JD.com’s deployment infrastructure went through two phases before they adopted application containers - physical machines (2004 - 2014) and operating system (OS) containers (2014 - 2016). The first phase had bare-metal machines managed by hand. The problems faced with this setup involved long go-live times (around a week from allocation to the application coming online), lack of isolation, resource underutilization and inflexible scheduling. Failure of machines led to app migrations which took hours. There was no autoscaling. The engineering team built in-house tools for common tasks like log collection, auto deployment, compilation and packaging and resource monitoring.
The second phase of JD.com’s infrastructure saw container adoption. OS containers were used, which means that their existing applications and deployment architecture were forklifted onto containers. Containers were just smaller, faster versions of their previous physical machines and it was not a full-fledged adoption of container philosophy.
However, the advantages in terms of time and resources in the second phase were numerous due to container adoption. OpenStack was used as the orchestration layer, with the nova Docker driver for container management. The team adopted Docker as the container platform and added some new features to it. All applications moved to containers, which reduced computing resource requests to a few minutes from a week. The average deployment density of applications and physical machine utilization increased three times. The team also built unified APIs to perform deployments. This was internally called JDOS (JD Datacenter Operating System) 1.0.
The OpenStack based setup had between 4000 to 10000 compute nodes in a single cluster. The JD.com team were running close to 150,000 containers by November 2016. This helped them to handle high traffic during two online promotions of the site, including one on 11 Nov 2016, which saw around 30 million fulfilled orders.

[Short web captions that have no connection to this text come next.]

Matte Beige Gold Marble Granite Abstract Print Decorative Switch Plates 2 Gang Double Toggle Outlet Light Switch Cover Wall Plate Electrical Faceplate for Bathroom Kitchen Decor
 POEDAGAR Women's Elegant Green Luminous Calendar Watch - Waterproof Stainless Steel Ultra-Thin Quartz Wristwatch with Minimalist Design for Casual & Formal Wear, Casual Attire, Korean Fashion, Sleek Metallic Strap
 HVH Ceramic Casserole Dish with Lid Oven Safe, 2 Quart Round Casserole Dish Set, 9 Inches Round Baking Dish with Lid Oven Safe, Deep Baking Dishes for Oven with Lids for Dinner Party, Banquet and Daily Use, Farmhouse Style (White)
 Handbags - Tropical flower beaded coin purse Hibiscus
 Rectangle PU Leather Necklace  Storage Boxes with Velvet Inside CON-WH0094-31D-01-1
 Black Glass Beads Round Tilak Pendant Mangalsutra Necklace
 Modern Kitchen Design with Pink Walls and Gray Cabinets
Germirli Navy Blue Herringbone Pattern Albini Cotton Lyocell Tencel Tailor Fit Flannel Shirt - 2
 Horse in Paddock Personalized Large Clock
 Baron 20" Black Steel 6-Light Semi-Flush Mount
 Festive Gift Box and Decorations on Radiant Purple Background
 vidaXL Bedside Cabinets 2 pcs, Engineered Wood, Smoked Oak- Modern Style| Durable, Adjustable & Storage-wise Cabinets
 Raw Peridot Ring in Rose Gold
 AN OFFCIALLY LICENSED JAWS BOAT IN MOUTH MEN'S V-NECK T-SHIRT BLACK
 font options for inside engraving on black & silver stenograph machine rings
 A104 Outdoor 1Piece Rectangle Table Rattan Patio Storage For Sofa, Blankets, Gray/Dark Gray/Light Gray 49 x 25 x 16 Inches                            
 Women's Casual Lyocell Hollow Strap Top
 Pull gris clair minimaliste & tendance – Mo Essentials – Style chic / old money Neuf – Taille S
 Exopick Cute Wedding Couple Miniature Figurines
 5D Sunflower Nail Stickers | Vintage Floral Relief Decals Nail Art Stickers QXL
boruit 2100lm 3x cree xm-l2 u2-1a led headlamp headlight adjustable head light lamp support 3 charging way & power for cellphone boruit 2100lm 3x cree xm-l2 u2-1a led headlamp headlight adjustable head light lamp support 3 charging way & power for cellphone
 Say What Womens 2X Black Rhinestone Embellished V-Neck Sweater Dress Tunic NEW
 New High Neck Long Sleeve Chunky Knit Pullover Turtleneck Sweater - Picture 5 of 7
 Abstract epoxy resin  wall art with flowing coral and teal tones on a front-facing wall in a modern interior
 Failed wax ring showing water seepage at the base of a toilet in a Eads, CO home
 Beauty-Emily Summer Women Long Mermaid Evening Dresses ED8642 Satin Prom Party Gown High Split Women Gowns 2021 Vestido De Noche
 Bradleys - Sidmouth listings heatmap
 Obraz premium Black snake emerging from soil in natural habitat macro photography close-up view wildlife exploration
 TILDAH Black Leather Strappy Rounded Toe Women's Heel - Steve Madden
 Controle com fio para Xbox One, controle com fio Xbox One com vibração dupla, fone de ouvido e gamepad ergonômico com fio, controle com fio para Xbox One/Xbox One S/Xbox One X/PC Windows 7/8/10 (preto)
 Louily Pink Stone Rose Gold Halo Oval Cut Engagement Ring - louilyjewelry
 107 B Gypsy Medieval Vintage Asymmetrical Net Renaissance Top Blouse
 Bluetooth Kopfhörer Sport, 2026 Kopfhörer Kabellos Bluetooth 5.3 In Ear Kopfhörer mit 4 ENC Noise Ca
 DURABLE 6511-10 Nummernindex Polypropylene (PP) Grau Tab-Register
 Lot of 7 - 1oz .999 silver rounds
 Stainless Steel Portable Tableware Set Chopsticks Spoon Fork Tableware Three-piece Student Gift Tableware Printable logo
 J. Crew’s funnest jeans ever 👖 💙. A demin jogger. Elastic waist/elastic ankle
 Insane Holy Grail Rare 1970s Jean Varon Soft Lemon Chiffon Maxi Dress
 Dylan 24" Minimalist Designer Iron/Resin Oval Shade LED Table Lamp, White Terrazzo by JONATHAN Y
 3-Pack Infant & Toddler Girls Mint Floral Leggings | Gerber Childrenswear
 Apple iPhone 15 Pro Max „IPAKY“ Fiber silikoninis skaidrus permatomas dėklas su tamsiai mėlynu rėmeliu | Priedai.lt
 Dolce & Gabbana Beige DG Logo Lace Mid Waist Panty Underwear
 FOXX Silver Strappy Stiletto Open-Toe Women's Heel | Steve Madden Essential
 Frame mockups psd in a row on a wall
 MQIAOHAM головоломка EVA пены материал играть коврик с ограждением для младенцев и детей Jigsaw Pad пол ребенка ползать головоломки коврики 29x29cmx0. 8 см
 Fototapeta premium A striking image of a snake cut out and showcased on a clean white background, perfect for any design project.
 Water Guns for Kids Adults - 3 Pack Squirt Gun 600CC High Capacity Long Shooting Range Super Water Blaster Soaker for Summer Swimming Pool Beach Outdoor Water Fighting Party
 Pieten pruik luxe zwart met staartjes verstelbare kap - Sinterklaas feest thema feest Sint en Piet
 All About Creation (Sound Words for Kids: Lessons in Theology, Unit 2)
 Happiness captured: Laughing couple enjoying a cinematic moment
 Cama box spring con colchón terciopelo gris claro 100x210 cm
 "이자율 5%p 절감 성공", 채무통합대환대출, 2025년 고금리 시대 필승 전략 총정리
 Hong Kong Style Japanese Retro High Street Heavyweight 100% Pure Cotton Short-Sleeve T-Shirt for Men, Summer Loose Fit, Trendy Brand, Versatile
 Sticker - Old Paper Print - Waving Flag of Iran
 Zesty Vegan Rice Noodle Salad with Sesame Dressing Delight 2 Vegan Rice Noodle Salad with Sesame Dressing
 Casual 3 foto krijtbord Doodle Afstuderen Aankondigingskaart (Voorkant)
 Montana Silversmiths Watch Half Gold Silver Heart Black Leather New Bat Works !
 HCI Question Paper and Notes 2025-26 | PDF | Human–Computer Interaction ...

The move to containers paved the way for the engineering team to change their deployment architecture to use the container as the unit of deployment after the second phase. The team called this JDOS 2.0. The focus of this approach was not just infra management, but container management with application awareness. The design had two abstractions - System and Application. A "System" consists of several "Applications", with each application having several pods which provide the same service. A System corresponds to a Kubernetes namespace.
The components comprising the deployment pipeline and as well as the DevOps tools were containerized and deployed on the Kubernetes managed platform. These included Gitlab, Jenkins, Logstash, Harbor, Elasticsearch and Prometheus. A deployment process consists of source code and a Dockerfile being pushed to the repository and a Jenkins build. Jenkins was configured in master-slave mode, with a slave node for building and packaging the application and a similar node for building the container image. Harbor, an open source Docker registry, was used to store the created images.
Image courtesy : http://blog.kubernetes.io/2017/02/inside-jd-com-shift-to-kubernetes-from-openstack.html
For better integration between Kubelets and OpenStack Neutron, JD.com developed their own solution called Cane, based on the Container Networking Interface standard. Cane takes care of notifying the Neutron Load-balancing-as-a-service (LBaaS) when a Kubernetes load balancer is created, deleted or modified. A component called Hades inside Cane provides an internal DNS resolution service for the Pods.